SuMisión Social, por Teodoro Petkoff
Cuando Nikita Jruschov presentó su célebre “Informe” al vigésimo congreso del partido comunista de la URSS, en el cual denunció —muy a medias, cierto es, pero escandalosamente para el movimiento comunista mundial—, los horrendos crímenes cometidos por José Stalin, una voz se oyó entre la masa de miles de delegados: “¿Qué hacías tú en esa época?” Jruschov preguntó, a su vez: “¿Quién dijo eso?” Un silencio glacial paralizó a la asamblea. Al cabo de unos larguísimos segundos, el rubicundo Jruschov cerró el caso: “Eso mismo hacía yo; callar”. Cierta o no, la anécdota refleja perfectamente el clima que se vivió en la Unión Soviética bajo el stalinismo (y después también, aunque aminorado), hasta que el sistema implotó, víctima precisamente de las fracturas tectónicas que le eran propias y de las contradicciones imposibles de superar que aquella sociedad inhumana generó. Quienes no callaron, murieron en los helados campos de concentración siberianos. Pero muchos de los que callaron, también perecieron, acusados de los más inverosímiles “delitos”. Mantener la boca cerrada no era opción que asegurara la vida porque Stalin también envió al cadalso a muchos de sus más fieles colaboradores.
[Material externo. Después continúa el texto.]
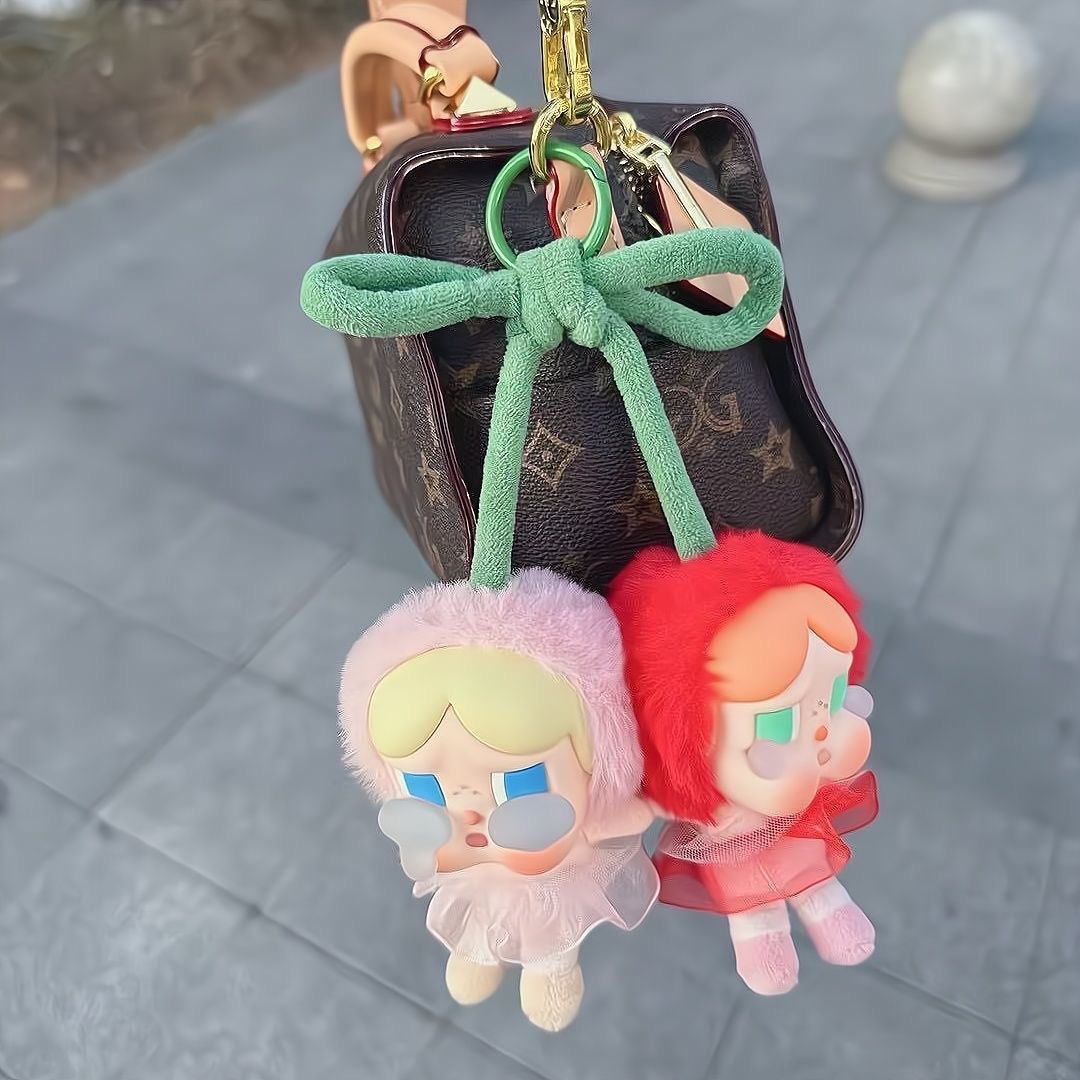 New Cute Cherry Ellipse Sled Twins Cry Baby Love God Tears Series Cherry Ellipse Stuffed Dolls Sweet - view 3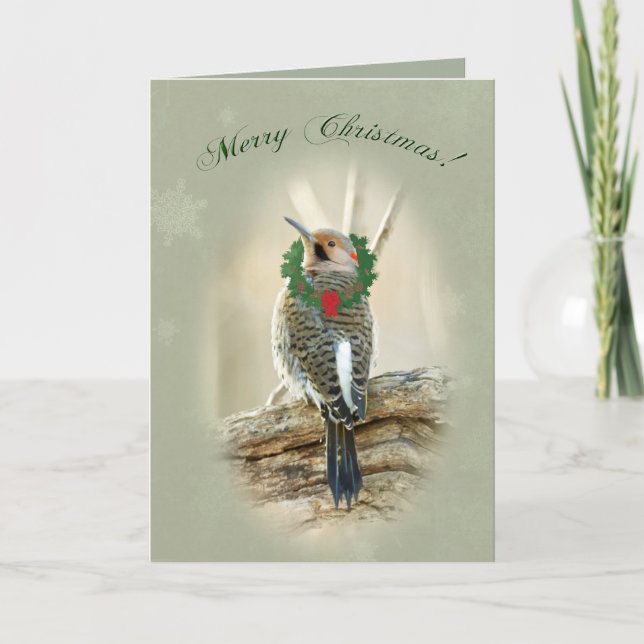 Cartes Pour Fêtes Annuelles Salutation de Joyeux Noël - clignotement du nord (Devant)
Viene a cuento esta historia porque cuando se oye a Chávez y a algunos de sus altoparlantes hablar de las posturas del partido Podemos es imposible no rememorar el clima político-intelectual que condujo a las criminales ejecutorias del stalinismo. No es que queramos comparar a Chávez con Stalin, pero sí evocar la intolerancia fanatizada que fue el caldo de cultivo que hizo posible aquellos horrores, haciendo del miedo un instrumento de poder.
Quizás el más lejano antecedente de la intolerancia totalitaria del siglo XX puede encontrarse en las palabras de Saint Just, la mano derecha de Robespierre, durante el año terrible de 1793: “La revolución se defiende en bloque, quien la discute en los detalles, la traiciona”. El régimen totalitario sólo acepta sumisión; cualquier actitud que discrepe, aun en detalles de poca monta, es inaceptable para los jefes de un proceso colocado bajo el signo de la intolerancia. La idea de diversidad y pluralismo es incompatible con la óptica totalitaria. Esta concibe a la sociedad como un bloque homogéneo, en el cual las divergencias son consideradas como expresión de una patología política, que debe ser “curada” mediante la represión, justificando ésta porque no se adelantaría contra ciudadanos que ejercen el democrático derecho de eventualmente estar en desacuerdo con su gobierno, sino contra una especie considerada como subhumana, la de los traidores. En una democracia, la diferencia de opiniones no es un delito; en un régimen totalitario la diferencia de opiniones con el dogma es un crimen.
La facilidad con la cual Chávez y otros califican de “traidores” a la gente de Podemos, que ha acompañado “el proceso” durante ocho años —y que hoy con coraje y dignidad defiende una concepción democrática del cambio social—, es verdaderamente sobrecogedora. Lo peor de la reforma chavista es que da rango constitucional a la intolerancia y a los peligros que acompañan a ésta.